A Russian prosecutor who cares so much for human rights is nonsense.

However, there were people who did not find the whole incident that encouraging. I had several reasons for not seeing it in this light. First of all, history shows that “Greeks bearing gifts” tend to be unlikeable, suspicious, and unreliable. Thus, I do not trust them—especially when this role is played by officials of our dear Prosecutor’s Office. To me, a Russian prosecutor who cares so much for human rights that he is prepared to declare a measure of suppression chosen by his fellow judge as contradictory of the law and to appeal against the corresponding part of the guilty verdict is nonsense. He would be an unviable organism, striving for self-destruction, whose life cycle is shorter than that of Professor Vybegallo’s cadaver (a character from Monday Begins on Saturday, the 1964 science fiction/fantasy novel by Boris and Arkady Strugatsky.)

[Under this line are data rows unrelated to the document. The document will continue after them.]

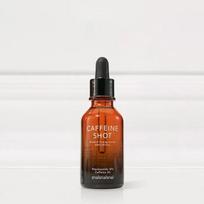 Caffeine Shot Vita C Toning Serum 30ml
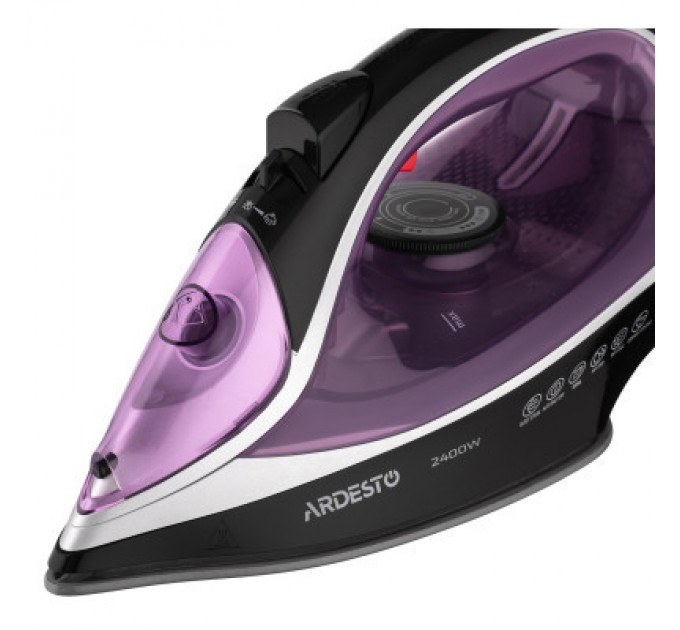 Ardesto Праска Ardesto IR-B2234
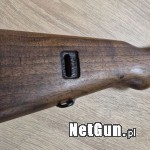 Zdjęcie 2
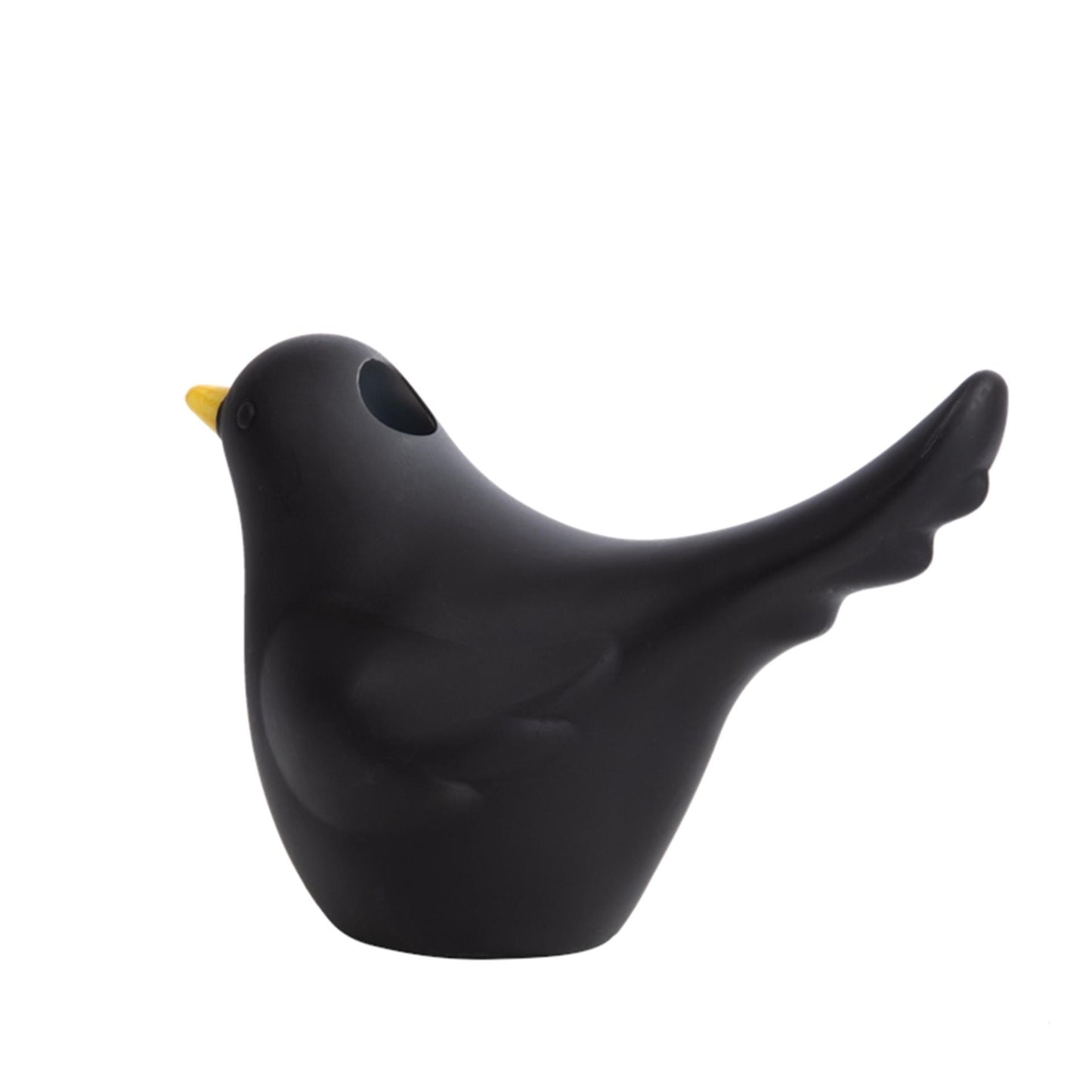 Annaffiatoio per uccelli Esschert Design da 1,5 l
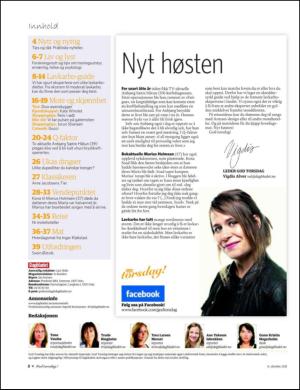 dagbladet_torsdag-20111006_000_00_00_002.pdf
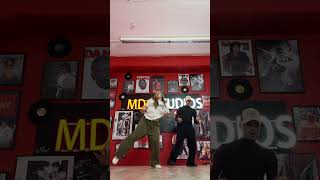 Tag DC! #shorts #dancechallenge #afro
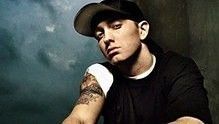 Eminem - Stan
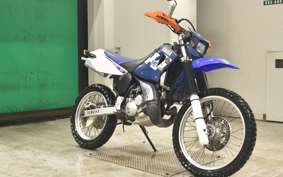YAMAHA LANZA 4TP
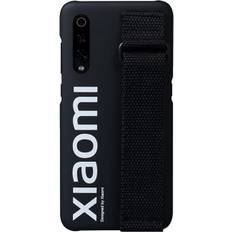 Xiaomi Fundas de teléfono móvil Xiaomi Urban Hand Strap Case for Mi 9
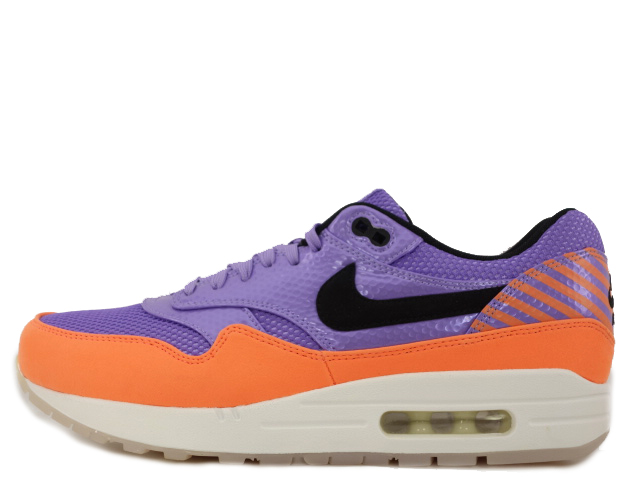 AIR MAX 1 FB PRERMIUM QS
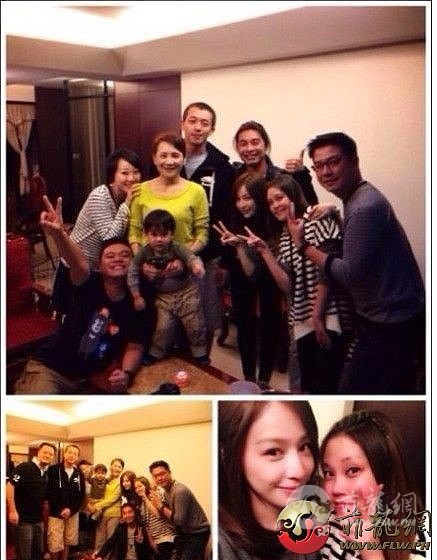 2014020722193378146.jpg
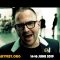 #IPFest – Cory Doctorow on The Really Important Questions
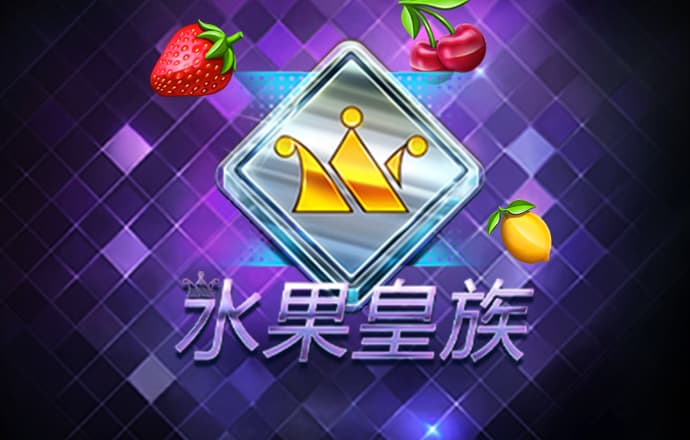 开元棋app官方版最新版2023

Second, the jubilation over the alteration of the measure of suppression has completely obscured the fact that at this time, nothing much about the defendants’ fate has changed. The freedom that Navalny and Ofitserov regained on July 19 is reminiscent of Hegel’s “freedom as a figment of the imagination.” A guilty verdict has been handed down against both, and the unprecedented decision to release them until the sentence comes into legal force does not alter their procedural status. So, however sad it might be, this freedom is temporary and relative. At this time, it is hardly possible to foresee the result of the defense’s appeal, since the “Kirov Forest case” contains too many political variables. As for the legal aspect, we have conclusive evidence that in a case of extreme necessity, the Prosecutor’s Office is capable of remembering the principle of the supremacy of human and civil rights and freedoms, as well as the necessity of observing electoral laws. And finally, the motivation behind this decision is still anyone’s guess. The deck is indeed being shuffled very whimsically.